• Task statement: Below are records with pictures. Transcribe exactly, and only, the lines from the line with "Aksi-Humanis-Polwan-Polresta-Sidoarjo-Amankan-Car-Free-Day" to the line with "Blissful Spa Day", both ends included, but not the pictures.

• Task data:
[Start of Attachment]

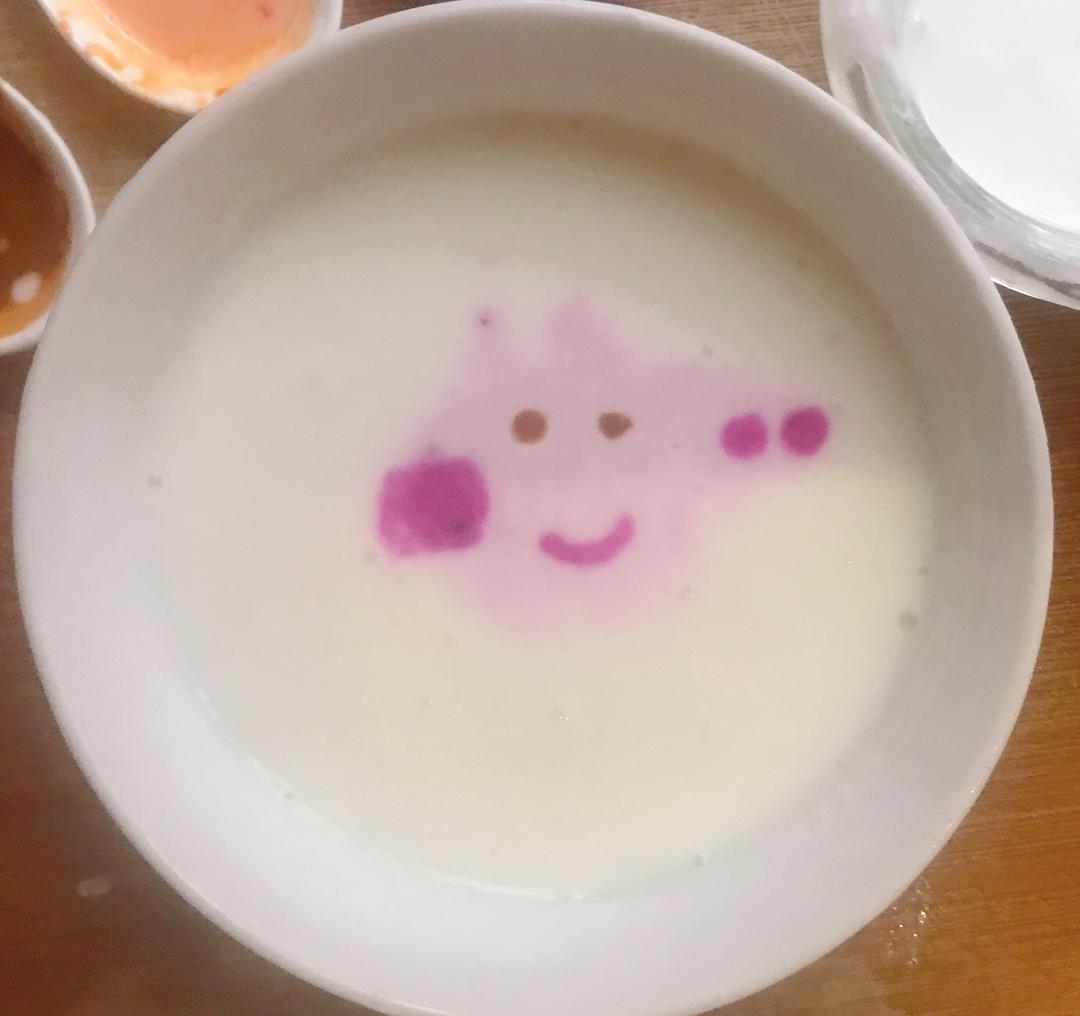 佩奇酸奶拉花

[End of Attachment]
[Start of Attachment]

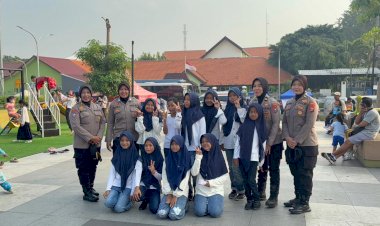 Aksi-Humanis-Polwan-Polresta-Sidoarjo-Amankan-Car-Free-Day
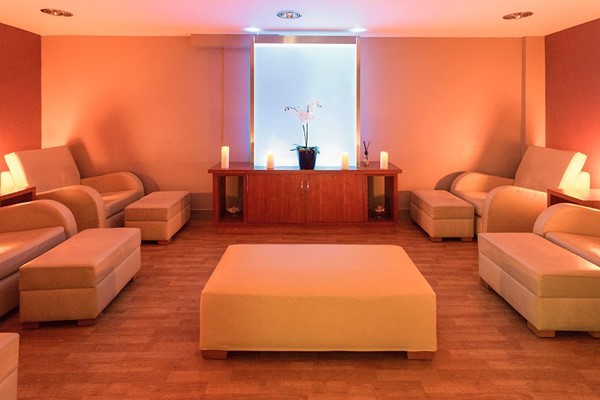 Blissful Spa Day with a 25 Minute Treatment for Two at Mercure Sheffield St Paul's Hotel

[End of Attachment]

• Task solution:
 Aksi-Humanis-Polwan-Polresta-Sidoarjo-Amankan-Car-Free-Day
 Blissful Spa Day with a 25 Minute Treatment for Two at Mercure Sheffield St Paul's Hotel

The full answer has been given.